What’s striking is how this single anatomical observation evolved into one of the most versatile flaps in modern microsurgery. Today, the ALT flap is used routinely for soft tissue reconstruction across the body.
Most impactful papers don’t begin with complex trials. They start with an observation, a clear anatomical insight, and the willingness to question existing dogma.
This is what publishing in plastic surgery often looks like at its best:
👉 See something others haven’t
👉 Define it clearly
👉 Show how it changes practice

Technique Tip
Research Methods in Plastic Surgery
Great research starts long before data collection. Choosing the right study design, understanding bias, selecting appropriate outcome measures, and critically appraising the literature are all essential skills for producing meaningful, publishable work.
This week's technique tip highlights our Research Methods in Plastic Surgery guide. This is a practical resource covering study designs, systematic reviews, patient-reported outcome measures (PROMs), qualitative research, and evidence appraisal.

How I Operate
Not All Muscle Flaps Behave the Same
Type V is where things get especially interesting: a major pedicle with secondary segmental pedicles, allowing the muscle to be turned over or rotated in different ways.
Rather than just memorising types, the classification was built to understand vascular anatomy well enough to make muscle flaps safer, more reliable, and more useful.
Prof. Foad Nahai on How I Operate
What Does the Evidence Say?
Could Someone Reproduce Your Study?
More recent evidence suggests that the problem persists. Among 727 original articles published in seven leading plastic surgery journals, only 1.5% included a data-sharing statement, and stated availability did not necessarily translate into data being provided when requested. Patient confidentiality and consent can limit what clinical researchers are able to share, but reproducibility does not always require publishing an identifiable dataset. A clear protocol, precise eligibility criteria, detailed outcome definitions, a complete statistical plan, and transparent reporting of any deviations can still allow readers to scrutinise and build on the work.

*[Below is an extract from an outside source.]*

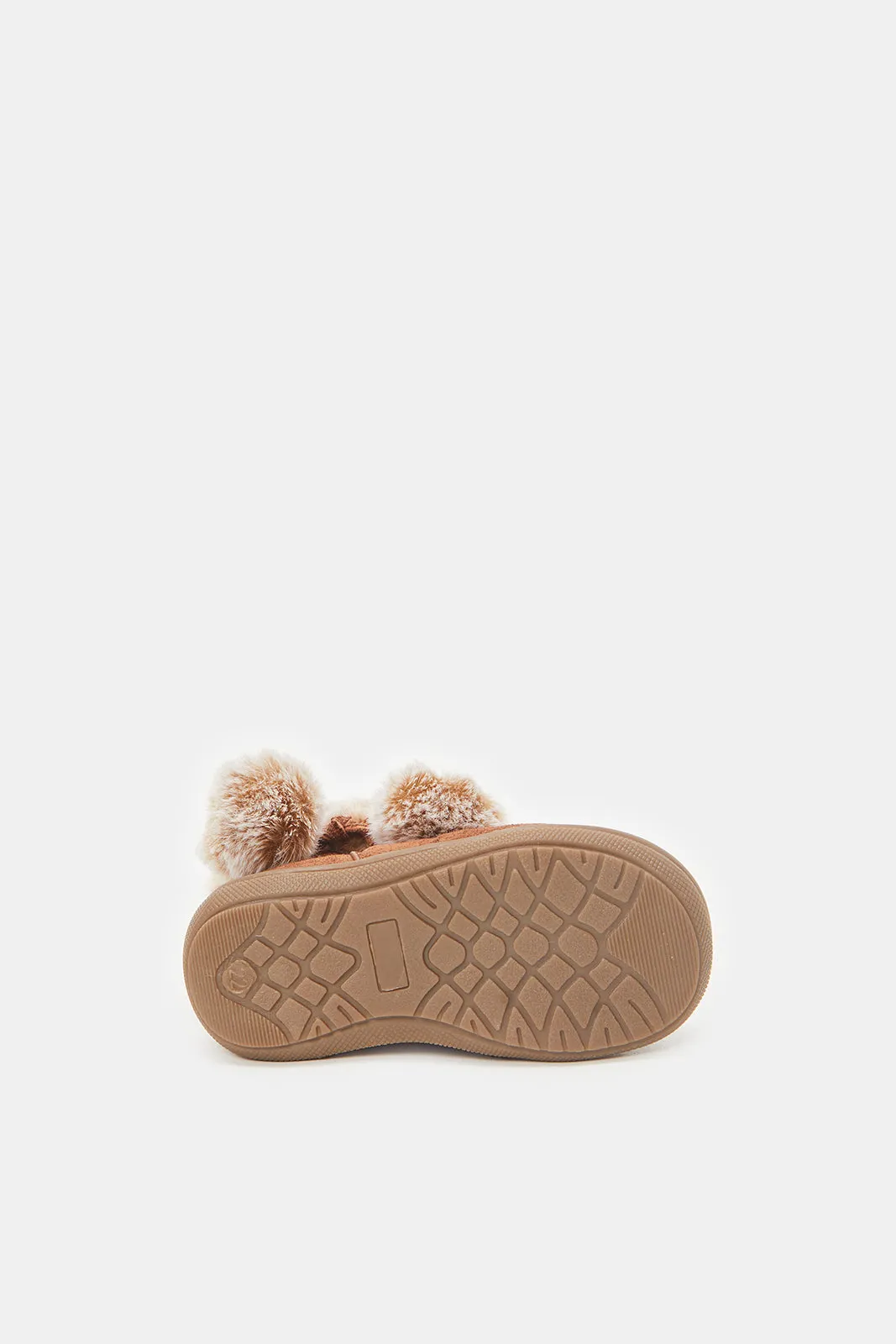 Infant Girls Brown Pom Pom Ankle Boots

The practical lesson begins before submission. Authors should select the relevant reporting guideline, such as CONSORT, STROBE, PRISMA, or CARE while planning the study, rather than treating it as a final checklist. Where appropriate, protocols and analyses should be preregistered, and deidentified data, materials, and code should be shared when ethical and feasible.
The goal is not simply to get the paper accepted. It is to leave enough of a research trail that someone else could understand, test, and extend its findings.

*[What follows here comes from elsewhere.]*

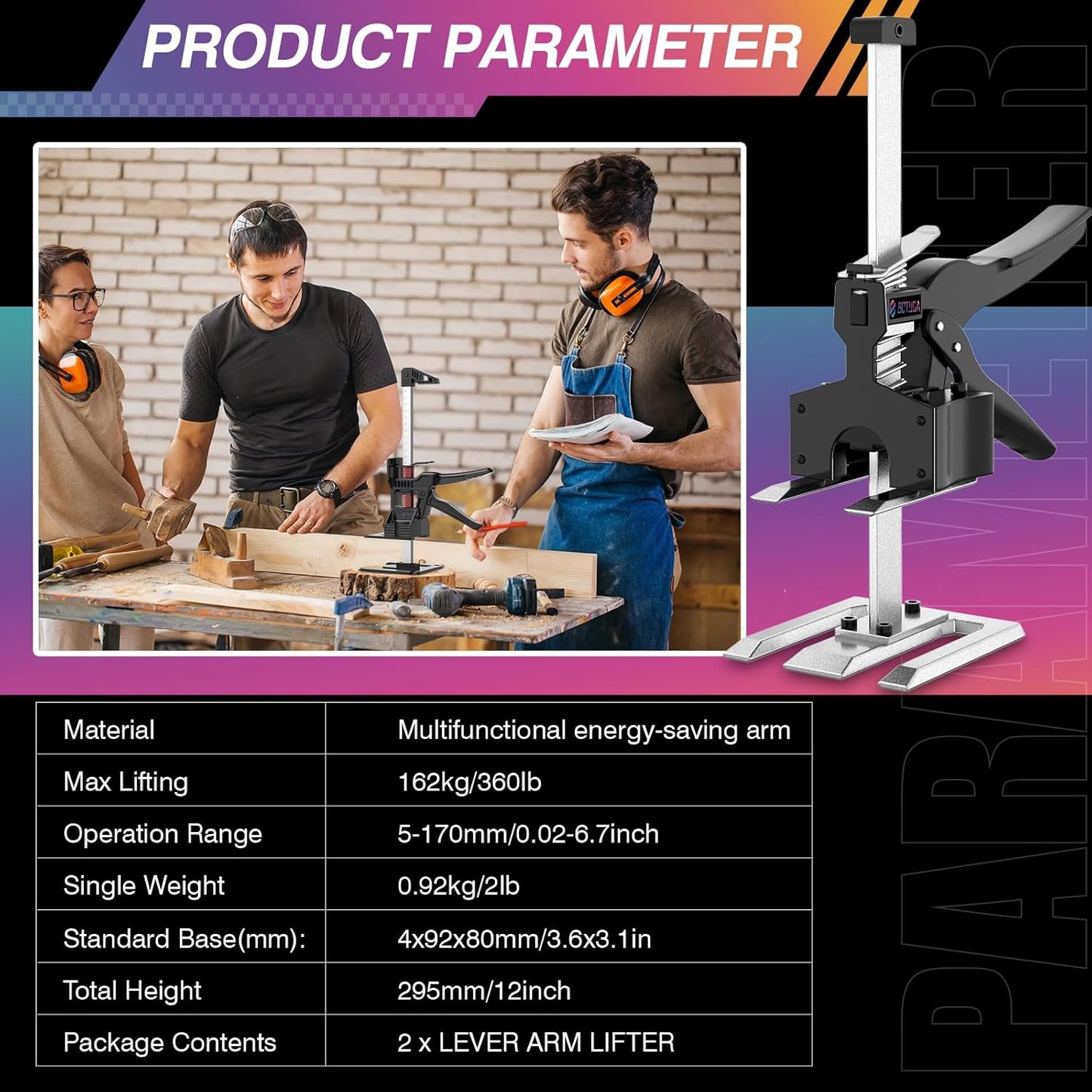 2026 New Labor Saving Arm Jack Handle (2Pack) 12 in Lifting Jack Tool, Multifunctional Furniture, Cabinets Door Panel and Windows Lifting, Raised by 6.7 inches, Bearing 360LBS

(Ascha, 2019); (Ascha, 2022); (Keefer, 2025); (Douglas, 2014); (Becker, 2013)
Articles of the Week
3 Interesting Articles with One-Sentence Summaries
Plastic surgery RCTs frequently include patient-reported outcomes, but report less than 40% of CONSORT-PRO criteria, meaning patient perspectives are often captured but not clearly or reliably communicated for clinical use.
Half of surgeons in LMICs struggle to access journals, with paywalls, poor institutional access, and cost limiting both research output and the ability to stay clinically up to date.
Most research priorities are set in high-income settings with limited patient and multidisciplinary input, raising concerns that funded research may not reflect real clinical needs or global disease burden.